FIG. 9 presents a simplified diagram of data bulk loading according to an embodiment of the invention, in which massive amounts of data are transferred from a server 902 to the client device 901. The data set has a set of signatures associated with the data set. FIG. 9 illustrates this bootstrap phase. The client 901 sends configuration data 904 to the server and the bulk loading 905 of preload data is done accordingly. The bulk loading can happen when shipping a device or by a user after buying the device. The bulk loading can be specific to a device type. In the case that the user performs the bulk loading after buying the device, it is possible to bulk load based on user preferences. The first uploading 905 of the files may be done using a very fast connection 903 e.g. during the flashing of the device or before the device is sold to a customer, or at least using a fast internet connection.

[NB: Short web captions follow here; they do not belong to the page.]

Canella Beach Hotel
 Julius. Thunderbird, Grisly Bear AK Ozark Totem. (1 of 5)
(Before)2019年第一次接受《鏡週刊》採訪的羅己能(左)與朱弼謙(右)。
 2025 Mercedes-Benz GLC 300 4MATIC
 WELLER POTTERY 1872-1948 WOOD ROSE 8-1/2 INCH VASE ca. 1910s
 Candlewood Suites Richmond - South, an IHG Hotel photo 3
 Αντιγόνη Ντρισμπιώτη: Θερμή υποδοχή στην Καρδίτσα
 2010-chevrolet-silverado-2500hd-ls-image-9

FIG. 10 shows a simplified embodiment of the invention. In this embodiment, massive data preloading to devices with mass storage modules is utilized in order to later use this preloaded information in optimizing data transmission size (and thus cost, delay, energy efficiency). The client 1001 informs a content server 1002 about the data set (or sets) in use. This is done by adding the data set signatures (digests) to the request 1003. Or correspondingly, a server can identify the data sets used to compress a document using metadata elements. FIG. 10 illustrates this process in which client requests data from a content server and informs the server that a certain bulk data set is available on the client. The server then, if it supports the identified bulk data set, will utilize it to compress the data and send back a compressed response 1004. The negotiation data can be passed in, say, HTTP headers.

Practically, the embodiment of the invention may happen as follows. The client 1001 sends root hashes of the data sets to the server. The data sets may be application specific (one for messaging, another one for office documents, etc.). The mapping can be done automatically based on, for example, MIME type. It is also possible to send a Bloom filter (probabilistic data set) that covers all the supported root hashes (data set identifiers). With a Bloom filter, it is possible to detect whether a certain root hash is supported by the client 1001 or not without sending all the root hashes as values themselves in the communication to the server 1002. The server 1002 then checks whether or not the data set is supported. If not, then normal operation according to state of the art technologies is assumed (normal HTTP transmission, for example). If data set is supported, the server 1002 sends a differentially compressed version of the data to the client 1001. This can be based on a single data set or multiple data sets. The server can perform the differential compression beforehand or it can be done on the fly. When the client 1001 receives the differentially compressed data, it can reconstruct the original data by looking up the chunks (and parts of chunks) from the local data sets involved, using the digests sent in the server response 1004.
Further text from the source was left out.